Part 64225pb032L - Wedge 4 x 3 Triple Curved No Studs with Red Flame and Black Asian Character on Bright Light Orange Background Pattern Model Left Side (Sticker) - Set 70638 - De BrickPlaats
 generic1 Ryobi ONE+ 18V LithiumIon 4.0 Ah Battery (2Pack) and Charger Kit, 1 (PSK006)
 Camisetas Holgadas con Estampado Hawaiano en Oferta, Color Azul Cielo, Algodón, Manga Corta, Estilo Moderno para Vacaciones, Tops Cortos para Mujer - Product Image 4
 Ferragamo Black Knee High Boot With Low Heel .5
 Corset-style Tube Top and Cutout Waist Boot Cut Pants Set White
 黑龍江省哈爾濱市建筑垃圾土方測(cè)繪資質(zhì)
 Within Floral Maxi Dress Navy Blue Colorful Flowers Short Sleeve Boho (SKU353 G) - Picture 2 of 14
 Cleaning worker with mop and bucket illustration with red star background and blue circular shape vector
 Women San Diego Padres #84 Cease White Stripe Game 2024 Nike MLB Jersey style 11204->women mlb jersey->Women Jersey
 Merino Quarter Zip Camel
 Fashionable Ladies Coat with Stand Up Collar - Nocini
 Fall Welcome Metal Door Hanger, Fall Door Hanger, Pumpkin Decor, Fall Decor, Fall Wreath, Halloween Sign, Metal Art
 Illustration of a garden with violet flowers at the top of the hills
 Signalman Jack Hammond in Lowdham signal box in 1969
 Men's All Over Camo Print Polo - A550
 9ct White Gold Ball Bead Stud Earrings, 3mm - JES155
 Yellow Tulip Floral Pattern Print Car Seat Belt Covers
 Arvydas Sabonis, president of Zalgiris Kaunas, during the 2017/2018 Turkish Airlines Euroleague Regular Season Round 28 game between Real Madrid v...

> EXERCISE GOAL:
Word for word, output the lines of the data from its first line through the line where "Within Floral Maxi" appears, and stop there.

> WRITTEN RESPONSE:
Part 64225pb032L - Wedge 4 x 3 Triple Curved No Studs with Red Flame and Black Asian Character on Bright Light Orange Background Pattern Model Left Side (Sticker) - Set 70638 - De BrickPlaats
 generic1 Ryobi ONE+ 18V LithiumIon 4.0 Ah Battery (2Pack) and Charger Kit, 1 (PSK006)
 Camisetas Holgadas con Estampado Hawaiano en Oferta, Color Azul Cielo, Algodón, Manga Corta, Estilo Moderno para Vacaciones, Tops Cortos para Mujer - Product Image 4
 Ferragamo Black Knee High Boot With Low Heel .5
 Corset-style Tube Top and Cutout Waist Boot Cut Pants Set White
 黑龍江省哈爾濱市建筑垃圾土方測(cè)繪資質(zhì)
 Within Floral Maxi Dress Navy Blue Colorful Flowers Short Sleeve Boho (SKU353 G) - Picture 2 of 14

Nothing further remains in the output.